05 Décembre, 2018, 15:14 | Auteur: Aubrey Nash
  • Gilets jaunes: sous pression le gouvernement envisage un geste

La fronde des "gilets jaunes" a également relancé le débat autour d'une possible négociation sur les salaires, un coup de pouce au Smic ou une mise à contribution du patronat.

Envoyé en première ligne pour tenter de déminer la crise, il a également annoncé que les tarifs du gaz et de l'électricité "n'augmenteront pas pendant l'hiver" comme c'était prévu et la suspension, pour six mois là-aussi, du durcissement prévu du contrôle technique.

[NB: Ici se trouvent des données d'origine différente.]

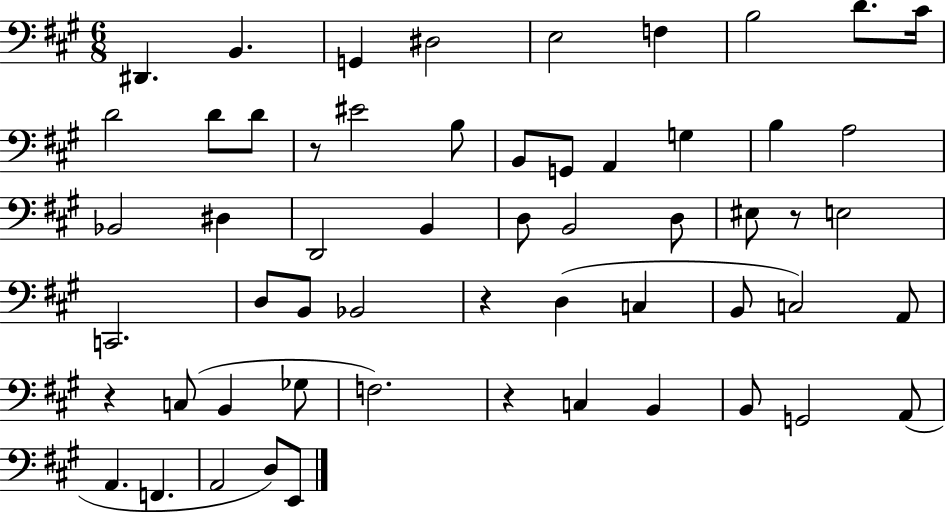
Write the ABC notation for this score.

Un moratoire, soit c'est un camouflet politique déguisé, soit c'est se moquer des Français et c'est remettre la taxe d'ici six mois.

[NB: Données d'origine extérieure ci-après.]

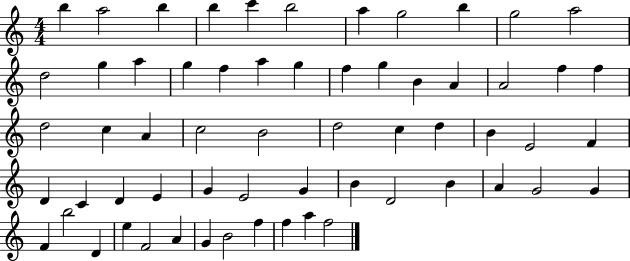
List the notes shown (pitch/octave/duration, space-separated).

B5/q A5/h B5/q B5/q C6/q B5/h A5/q G5/h B5/q G5/h A5/h D5/h G5/q A5/q G5/q F5/q A5/q G5/q F5/q G5/q B4/q A4/q A4/h F5/q F5/q D5/h C5/q A4/q C5/h B4/h D5/h C5/q D5/q B4/q E4/h F4/q D4/q C4/q D4/q E4/q G4/q E4/h G4/q B4/q D4/h B4/q A4/q G4/h G4/q F4/q B5/h D4/q E5/q F4/h A4/q G4/q B4/h F5/q F5/q A5/q F5/h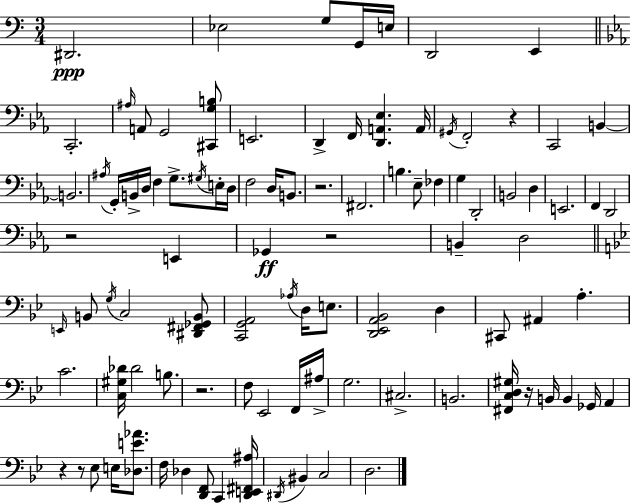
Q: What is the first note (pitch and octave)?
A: D#2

"Trois mesures fiscales devaient entrer en vigueur le 1er janvier prochain: la hausse de la taxe carbone sur l'essence, le fioul et le diesel; la convergence de la taxation du gasoil sur l'essence, et l'alignement de la fiscalité du gasoil pour les professionnels avec celle appliquée au particulier".

Le gouvernement français a annoncé, mardi 4 décembre, un moratoire sur la hausse des taxes sur le carburant.

L'exécutif défend ce mercredi 5 décembre son plan de sortie de crise devant l'Assemblée nationale, au lendemain d'annonces visant à apaiser les "gilets jaunes" et à réduire le risque d'un nouveau week-end de violences.

"Ces décisions, immédiates, doivent ramener l'apaisement et la sérénité dans le pays" et "permettre d'engager un vrai dialogue sur l'ensemble des préoccupations qui se sont exprimées ces dernières semaines", a ajouté Édouard Philippe.

Il faudrait "être sourd ou aveugle" pour ne pas entendre ou voir la colère, a déclaré mardi le Premier ministre français Edouard Philippe qui s'exprimait à la télévision. "Si nous ne les trouvons pas, nous en tirerons les conséquences". La plupart des membres de cette délégation avaient prévenu qu'ils ne se rendraient pas à la réunion avec le Premier ministre pour "raisons de sécurité", du fait de menaces contre eux s'ils s'y rendaient.

De nombreux gilets jaunes ne sont pas satisfaits de l'annonce du gouvernement.

Ailleurs, les blocages continuaient et plusieurs stations-service étaient fermées pour rupture de carburant. "Ils font ça pour qu'on lève le camp et qu'on rentre chez nous, mais on ne va pas bouger", explique Lionel Rambeaux, soudeur, à un barrage à la sortie du Mans.

Il est trop tard pour ce genre de démarche. "Sûrement un hasard si ça nous porte juste quelques jours après les élections européennes", pointe également Marine Le Pen (RN).

Partout en France, les appels à se mobiliser un quatrième samedi de suite ont été maintenus. Le gouvernement craint aussi une extension de la colère à d'autres secteurs.

Même son de cloche du côté du groupe "Gilet Jaune". Le ministre de l'Intérieur Christophe Castaner a invité "les gilets jaunes raisonnables" à ne pas se rassembler à Paris samedi, et a promis d'accroître la mobilisation des forces de l'ordre en France. Mardi, de nouveaux incidents ont éclaté devant des lycées de la région parisienne, et Marseille reste particulièrement touchée. Les plus modérés regrettaient qu'Edouard Philippe ne soit pas allé plus loin dans son geste envers les manifestants: "ce discours vient d'anéantir tous les espoirs d'apaisement des gilets jaunes modérés".